**Task input**
━━━━━━

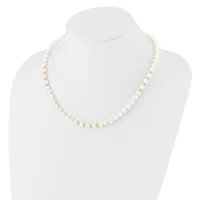 A white pearl beaded necklace with gold-tone spacer beads displayed on a white mannequin bust.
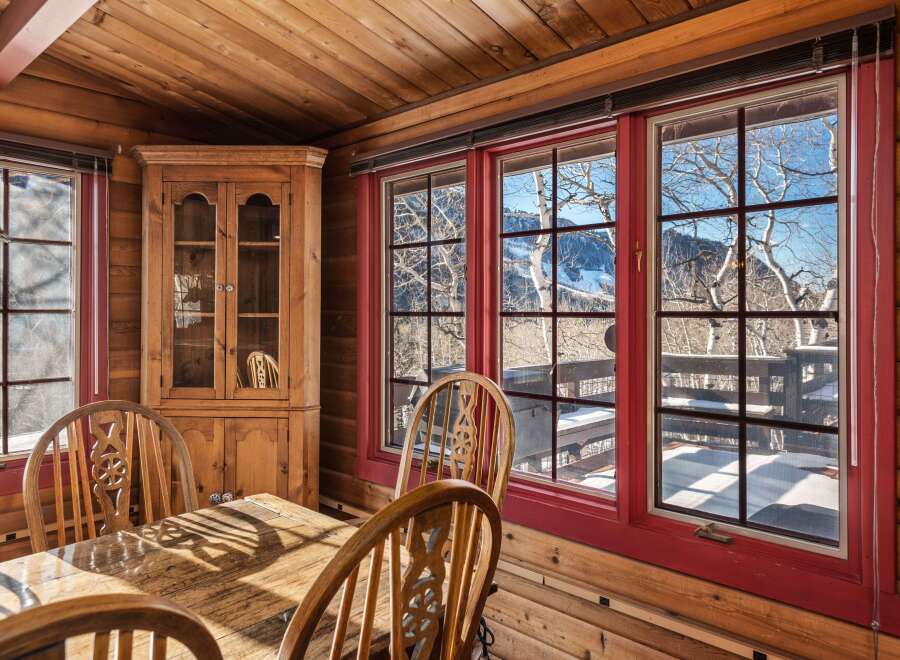 Step into a cozy dining area with stunning mountain views.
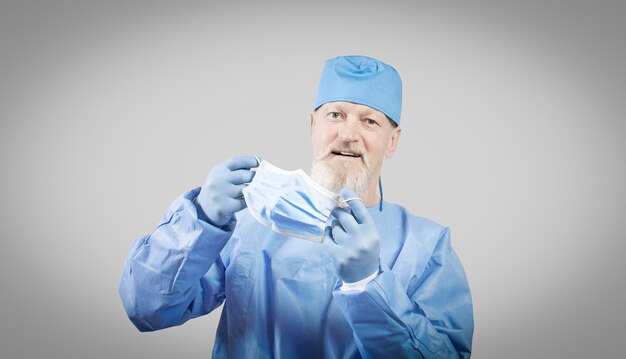 Médico de doenças infecciosas de macacão protetor azul coloca uma máscara protetora azul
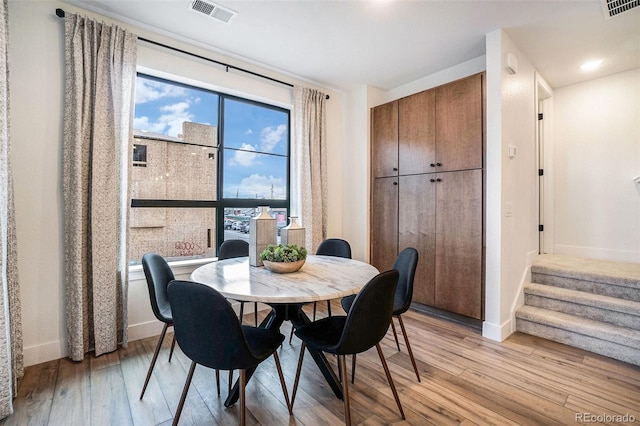 dining room with light wood-type flooring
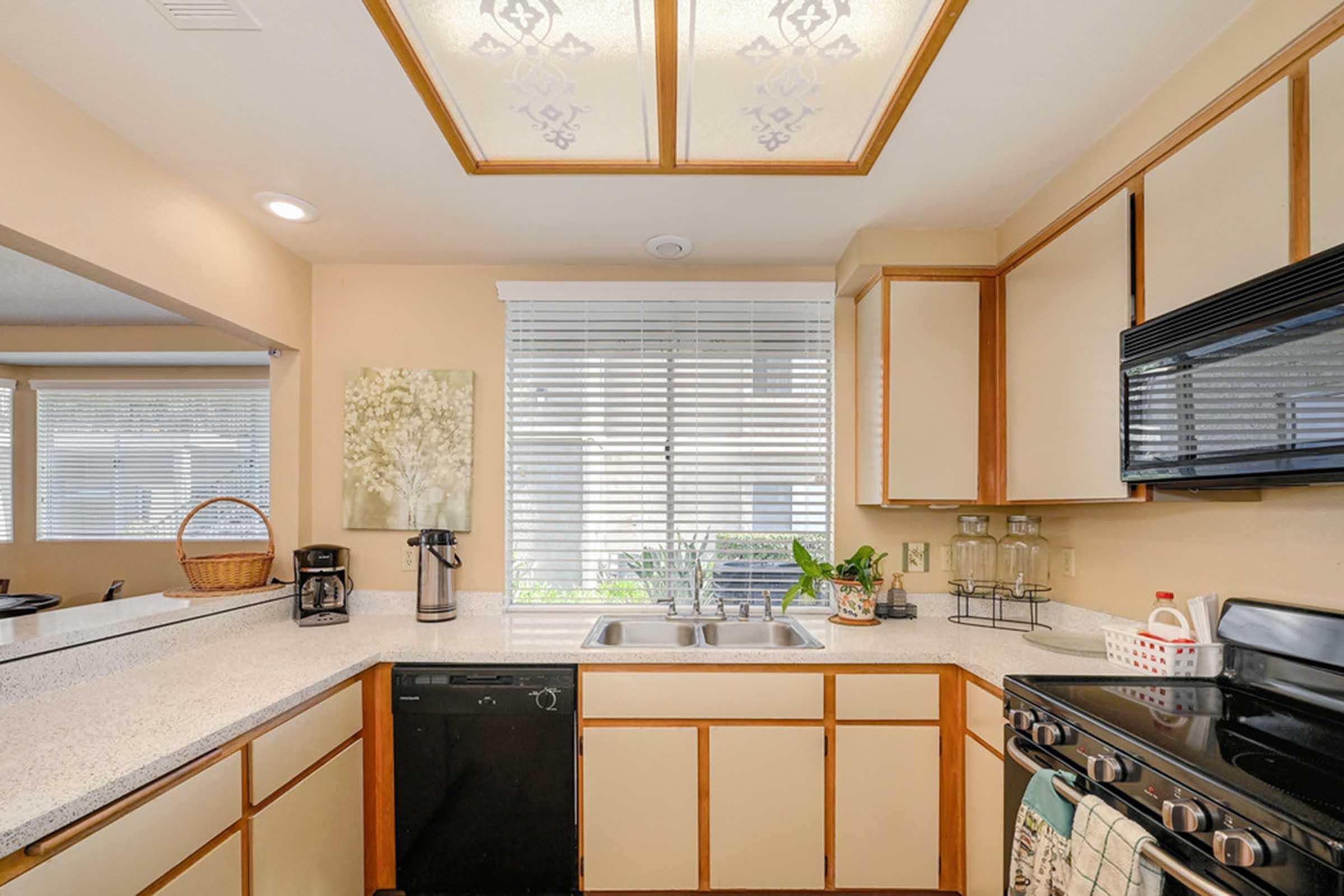 a kitchen with a sink and a dishwasher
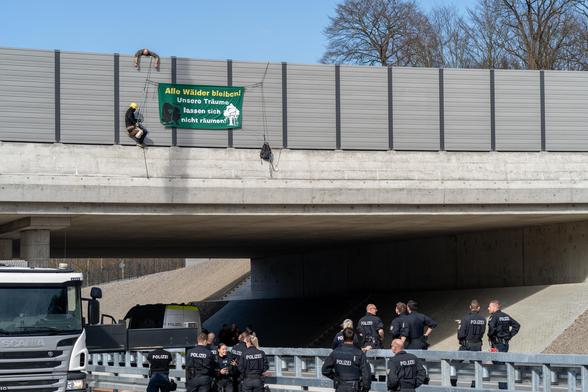 Abgeseilte Aktivistis über A49, darunter Cops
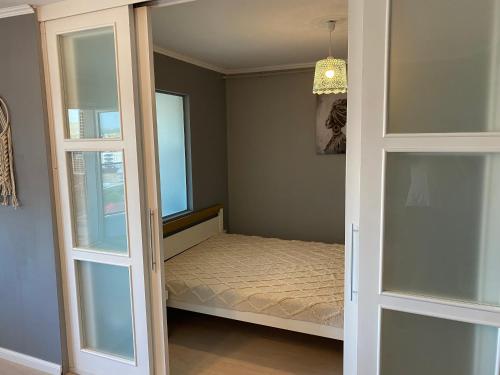 Habitación pequeña con cama y puertas de cristal en Grandpa Ope en Cluj-Napoca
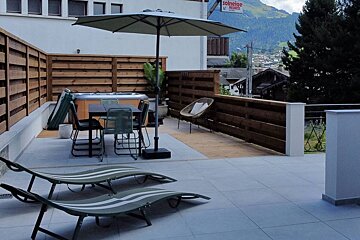 A modern terrace with a hot tub, outdoor dining set, loungers, and umbrella, featuring a mountain village view in the background.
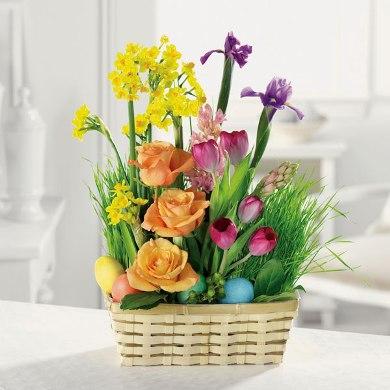 Eeaster basket full of roses, tulips and other flowers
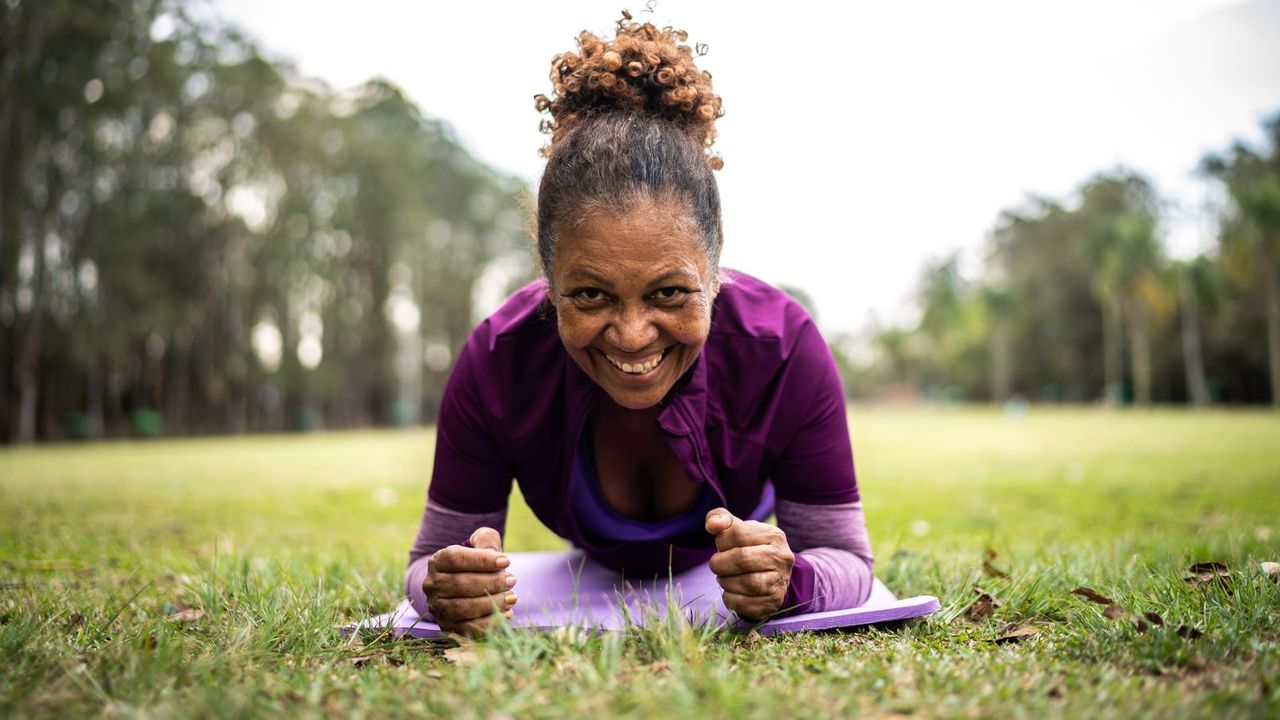 A woman in a park lying on a yoga mat doing a plank and smiling at camera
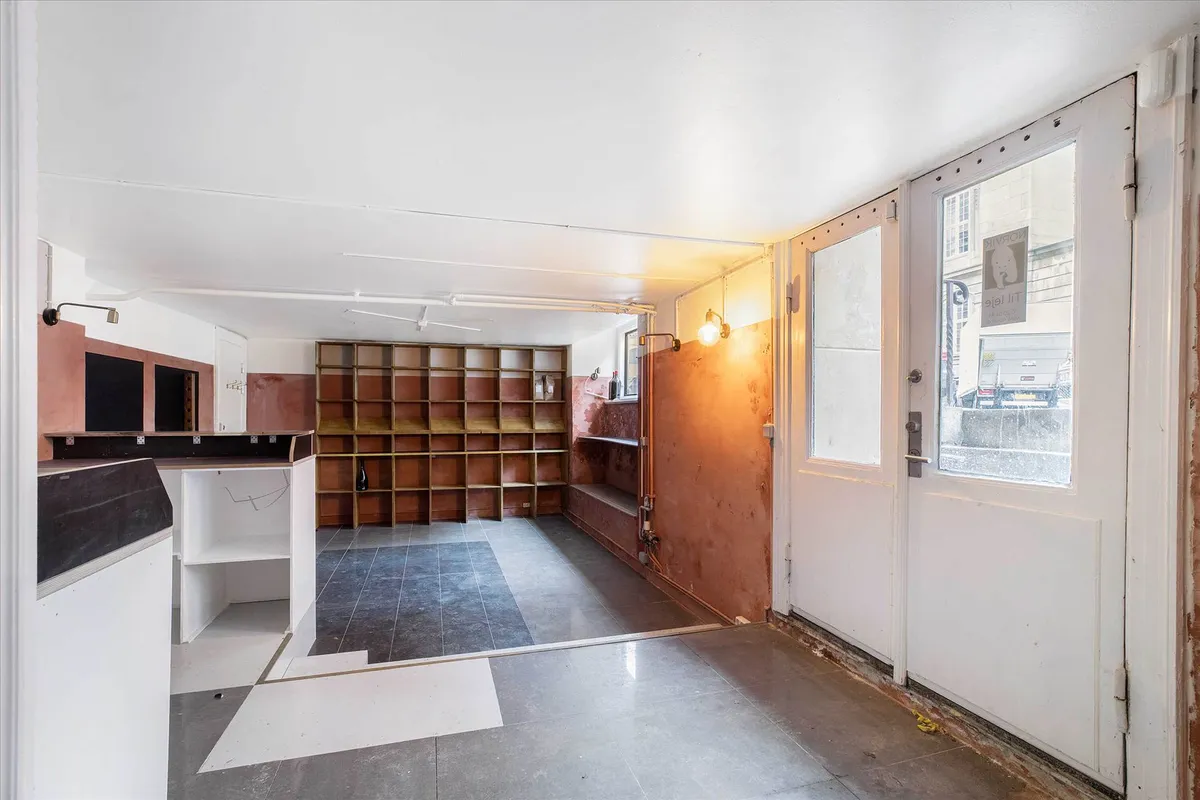 Et køkken med en mur, hvor der er en åben dør og et vindue med et skilt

━━━━━━

**Exercise aim**
Verbatim transcription needed, from the opening line of the entries above through the line containing "Abgeseilte Aktivistis über"; pictures do not belong in it.

**Answer to this task**
 A white pearl beaded necklace with gold-tone spacer beads displayed on a white mannequin bust.
 Step into a cozy dining area with stunning mountain views.
 Médico de doenças infecciosas de macacão protetor azul coloca uma máscara protetora azul
 dining room with light wood-type flooring
 a kitchen with a sink and a dishwasher
 Abgeseilte Aktivistis über A49, darunter Cops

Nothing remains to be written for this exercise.